As a young man, however, he joined the U.S. Army Special Forces and became a demolitions expert, where his unique talents came to the attention of Carter, a mysterious homeland security consultant (Jeff Daniels, The Lookout). Along the way, Samir fell in love with a photographer, a gentle woman named Chandra (Archie Panjabi, A Mighty Heart.)
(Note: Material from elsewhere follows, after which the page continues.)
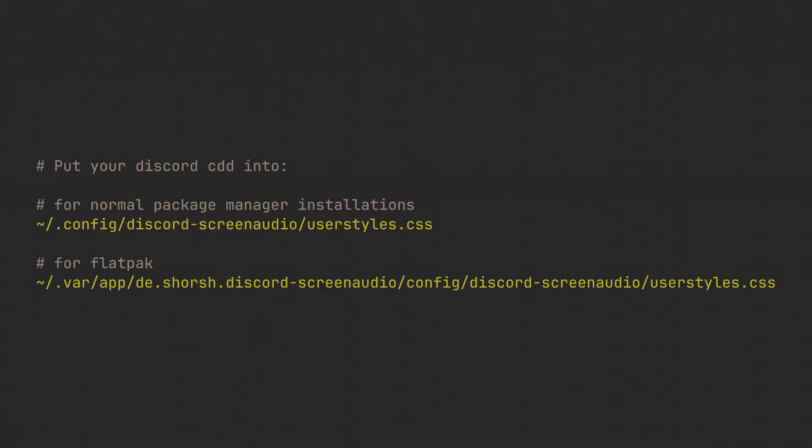You can make use of it just by having a file in either this location for regular package manager installations, or this longer Flatpak path, in case you got it from FlatHub. And you don't even have to click any buttons after it, making it very easy to reproduce with simple .file sim links.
When the film discovers Horn, he is selling weapons to Islamist terrorists in Yemen. He’s caught in a raid lead by FBI agents, including Roy Clayton (Guy Pearce, The Proposition), the son of a Baptist minister who earned a PhD in Arabic Studies and ended up far from Christianity in the FBI anti-terrorism unit. Clayton offers Samir a deal to save himself, but he refuses. Samir is hauled off to a horrific Yemeni prison where his religious beliefs are sorely challenged by other Muslims who refuse to act brotherly. There he meets Omar (Said Taghmauoui, Vantage Point), who is an equally devout Muslim, but who interprets the concept of jihad very differently. Upon escape from prison, Samir joins Omar’s colleagues and eventually sets off on a terrorist path. That’s all I can say. Be prepared to be fascinated and intrigued and surprised.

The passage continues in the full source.